▶ **Data provided**:
^^^^^^^^^^^^^^^^

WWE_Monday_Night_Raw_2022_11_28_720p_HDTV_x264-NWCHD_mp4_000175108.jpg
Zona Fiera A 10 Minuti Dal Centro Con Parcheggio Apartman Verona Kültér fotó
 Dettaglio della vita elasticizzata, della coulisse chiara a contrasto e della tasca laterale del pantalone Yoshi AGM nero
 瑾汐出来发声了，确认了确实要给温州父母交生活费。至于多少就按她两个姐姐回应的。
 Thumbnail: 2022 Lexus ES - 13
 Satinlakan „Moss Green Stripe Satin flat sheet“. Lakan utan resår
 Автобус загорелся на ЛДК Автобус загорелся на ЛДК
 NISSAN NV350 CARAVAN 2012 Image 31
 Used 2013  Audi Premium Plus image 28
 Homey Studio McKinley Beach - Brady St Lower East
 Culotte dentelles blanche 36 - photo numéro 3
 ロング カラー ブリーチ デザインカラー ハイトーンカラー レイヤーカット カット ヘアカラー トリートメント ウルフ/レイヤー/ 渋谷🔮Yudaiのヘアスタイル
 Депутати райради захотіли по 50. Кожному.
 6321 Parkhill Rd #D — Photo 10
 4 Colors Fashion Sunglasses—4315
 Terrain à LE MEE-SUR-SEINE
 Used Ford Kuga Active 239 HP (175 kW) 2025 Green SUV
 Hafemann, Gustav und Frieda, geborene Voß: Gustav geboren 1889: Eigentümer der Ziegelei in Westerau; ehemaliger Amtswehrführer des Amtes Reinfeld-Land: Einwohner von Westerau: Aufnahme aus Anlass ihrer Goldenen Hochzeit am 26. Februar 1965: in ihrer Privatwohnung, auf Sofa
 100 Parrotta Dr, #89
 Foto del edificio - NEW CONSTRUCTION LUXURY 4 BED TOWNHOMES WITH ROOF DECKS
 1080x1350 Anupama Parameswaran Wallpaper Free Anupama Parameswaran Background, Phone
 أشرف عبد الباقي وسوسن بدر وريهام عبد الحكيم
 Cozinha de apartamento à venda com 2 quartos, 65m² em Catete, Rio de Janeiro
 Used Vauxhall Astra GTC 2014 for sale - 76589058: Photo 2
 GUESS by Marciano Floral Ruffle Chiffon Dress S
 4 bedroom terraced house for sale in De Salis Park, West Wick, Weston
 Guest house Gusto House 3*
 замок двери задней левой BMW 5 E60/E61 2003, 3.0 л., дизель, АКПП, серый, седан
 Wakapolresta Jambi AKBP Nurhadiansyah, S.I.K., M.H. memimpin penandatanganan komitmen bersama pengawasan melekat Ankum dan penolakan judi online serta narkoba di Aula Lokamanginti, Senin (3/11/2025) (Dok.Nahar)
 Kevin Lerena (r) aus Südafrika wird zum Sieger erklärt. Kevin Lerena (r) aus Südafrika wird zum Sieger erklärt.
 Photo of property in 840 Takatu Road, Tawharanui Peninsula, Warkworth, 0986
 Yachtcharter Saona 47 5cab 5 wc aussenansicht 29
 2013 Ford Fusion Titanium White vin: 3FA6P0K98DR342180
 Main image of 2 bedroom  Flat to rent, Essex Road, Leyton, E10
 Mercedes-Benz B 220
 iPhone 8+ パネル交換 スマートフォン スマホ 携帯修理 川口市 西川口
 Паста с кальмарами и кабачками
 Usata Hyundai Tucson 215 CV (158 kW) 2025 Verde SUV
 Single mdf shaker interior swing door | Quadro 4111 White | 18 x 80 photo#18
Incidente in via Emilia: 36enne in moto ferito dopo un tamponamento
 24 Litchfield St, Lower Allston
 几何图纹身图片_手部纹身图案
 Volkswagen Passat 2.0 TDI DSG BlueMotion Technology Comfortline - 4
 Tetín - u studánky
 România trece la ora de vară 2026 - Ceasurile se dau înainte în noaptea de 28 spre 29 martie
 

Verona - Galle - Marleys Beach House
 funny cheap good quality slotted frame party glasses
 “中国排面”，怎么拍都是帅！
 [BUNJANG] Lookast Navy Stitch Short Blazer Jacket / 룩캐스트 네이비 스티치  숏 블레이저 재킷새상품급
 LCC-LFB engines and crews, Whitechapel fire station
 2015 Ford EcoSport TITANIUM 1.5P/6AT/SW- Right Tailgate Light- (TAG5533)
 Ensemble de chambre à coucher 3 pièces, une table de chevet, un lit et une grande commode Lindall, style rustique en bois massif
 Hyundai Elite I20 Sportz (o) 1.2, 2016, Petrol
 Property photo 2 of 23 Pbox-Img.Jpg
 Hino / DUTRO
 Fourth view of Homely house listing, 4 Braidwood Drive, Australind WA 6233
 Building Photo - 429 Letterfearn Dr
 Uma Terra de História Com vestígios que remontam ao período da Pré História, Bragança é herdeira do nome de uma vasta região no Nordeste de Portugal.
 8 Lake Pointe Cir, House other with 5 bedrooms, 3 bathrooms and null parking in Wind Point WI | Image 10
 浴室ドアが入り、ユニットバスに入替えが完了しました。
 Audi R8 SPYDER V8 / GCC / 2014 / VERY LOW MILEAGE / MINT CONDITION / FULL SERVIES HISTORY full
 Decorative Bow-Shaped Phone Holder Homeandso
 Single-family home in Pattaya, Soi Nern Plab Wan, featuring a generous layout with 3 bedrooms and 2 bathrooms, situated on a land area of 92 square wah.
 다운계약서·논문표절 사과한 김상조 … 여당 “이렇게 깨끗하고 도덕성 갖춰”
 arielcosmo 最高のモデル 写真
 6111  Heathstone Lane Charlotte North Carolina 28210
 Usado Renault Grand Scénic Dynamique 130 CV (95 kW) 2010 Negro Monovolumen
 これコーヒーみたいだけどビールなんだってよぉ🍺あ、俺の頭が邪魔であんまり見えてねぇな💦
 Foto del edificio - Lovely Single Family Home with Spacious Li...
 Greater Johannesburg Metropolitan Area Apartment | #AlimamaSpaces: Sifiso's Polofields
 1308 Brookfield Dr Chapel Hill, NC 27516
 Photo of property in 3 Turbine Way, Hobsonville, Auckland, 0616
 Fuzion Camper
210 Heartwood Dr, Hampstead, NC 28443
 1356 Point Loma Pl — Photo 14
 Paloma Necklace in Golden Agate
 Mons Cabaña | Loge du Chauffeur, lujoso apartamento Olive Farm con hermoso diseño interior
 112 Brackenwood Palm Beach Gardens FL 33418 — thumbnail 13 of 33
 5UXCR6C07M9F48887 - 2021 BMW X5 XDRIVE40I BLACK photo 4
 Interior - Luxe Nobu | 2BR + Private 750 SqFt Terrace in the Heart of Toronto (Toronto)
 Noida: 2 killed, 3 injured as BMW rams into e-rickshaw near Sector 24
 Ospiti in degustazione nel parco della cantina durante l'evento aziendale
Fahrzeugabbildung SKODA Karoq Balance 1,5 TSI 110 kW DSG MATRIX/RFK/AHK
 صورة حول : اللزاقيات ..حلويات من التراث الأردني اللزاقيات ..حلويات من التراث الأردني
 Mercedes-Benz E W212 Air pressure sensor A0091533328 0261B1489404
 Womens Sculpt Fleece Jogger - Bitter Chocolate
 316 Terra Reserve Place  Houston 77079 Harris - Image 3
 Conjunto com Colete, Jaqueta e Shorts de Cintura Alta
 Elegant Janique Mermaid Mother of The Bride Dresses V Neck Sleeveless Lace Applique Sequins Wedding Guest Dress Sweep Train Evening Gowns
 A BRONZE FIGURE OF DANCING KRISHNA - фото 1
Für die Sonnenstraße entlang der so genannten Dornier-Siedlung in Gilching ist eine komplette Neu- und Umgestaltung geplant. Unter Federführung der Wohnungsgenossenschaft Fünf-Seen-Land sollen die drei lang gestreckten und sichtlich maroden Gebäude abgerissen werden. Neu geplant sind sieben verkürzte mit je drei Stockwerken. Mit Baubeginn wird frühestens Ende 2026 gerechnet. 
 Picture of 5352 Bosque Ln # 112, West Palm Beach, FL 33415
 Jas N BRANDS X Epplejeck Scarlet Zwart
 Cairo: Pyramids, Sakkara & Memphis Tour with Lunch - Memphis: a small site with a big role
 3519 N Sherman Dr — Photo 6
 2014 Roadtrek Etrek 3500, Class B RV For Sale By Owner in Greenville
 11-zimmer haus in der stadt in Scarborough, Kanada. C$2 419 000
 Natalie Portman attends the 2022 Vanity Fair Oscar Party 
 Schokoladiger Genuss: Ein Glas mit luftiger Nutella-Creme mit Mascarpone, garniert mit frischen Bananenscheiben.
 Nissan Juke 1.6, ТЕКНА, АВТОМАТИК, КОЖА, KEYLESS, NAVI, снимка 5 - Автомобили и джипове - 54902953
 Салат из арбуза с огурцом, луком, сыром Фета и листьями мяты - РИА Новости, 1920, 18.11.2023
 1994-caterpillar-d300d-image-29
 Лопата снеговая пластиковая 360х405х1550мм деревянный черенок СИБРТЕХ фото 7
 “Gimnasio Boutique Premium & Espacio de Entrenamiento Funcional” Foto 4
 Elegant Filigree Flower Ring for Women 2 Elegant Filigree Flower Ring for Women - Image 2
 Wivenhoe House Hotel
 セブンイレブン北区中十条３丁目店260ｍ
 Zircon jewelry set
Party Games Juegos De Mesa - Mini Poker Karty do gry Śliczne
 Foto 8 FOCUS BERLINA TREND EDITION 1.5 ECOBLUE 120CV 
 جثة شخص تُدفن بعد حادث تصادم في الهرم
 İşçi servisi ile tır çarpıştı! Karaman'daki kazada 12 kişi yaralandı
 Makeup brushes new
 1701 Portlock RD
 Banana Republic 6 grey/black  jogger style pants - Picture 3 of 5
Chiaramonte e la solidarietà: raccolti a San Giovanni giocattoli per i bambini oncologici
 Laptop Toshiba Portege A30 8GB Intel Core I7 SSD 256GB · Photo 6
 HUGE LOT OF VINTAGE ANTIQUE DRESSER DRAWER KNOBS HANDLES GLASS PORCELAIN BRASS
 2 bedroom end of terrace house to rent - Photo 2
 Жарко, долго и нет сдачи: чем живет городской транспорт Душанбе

^^^^^^^^^^^^^^^^

Return the lines exactly as they stand, please. Start at the top of the material and finish with the line where "Zona Fiera A" appears.

WWE_Monday_Night_Raw_2022_11_28_720p_HDTV_x264-NWCHD_mp4_000175108.jpg
Zona Fiera A 10 Minuti Dal Centro Con Parcheggio Apartman Verona Kültér fotó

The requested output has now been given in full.